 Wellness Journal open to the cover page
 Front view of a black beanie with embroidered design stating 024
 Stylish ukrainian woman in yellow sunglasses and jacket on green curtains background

■ ■ ■ ■ ■

Task
Set down the full listing once more, exactly as written.

Output for this task
 Wellness Journal open to the cover page
 Front view of a black beanie with embroidered design stating 024
 Stylish ukrainian woman in yellow sunglasses and jacket on green curtains background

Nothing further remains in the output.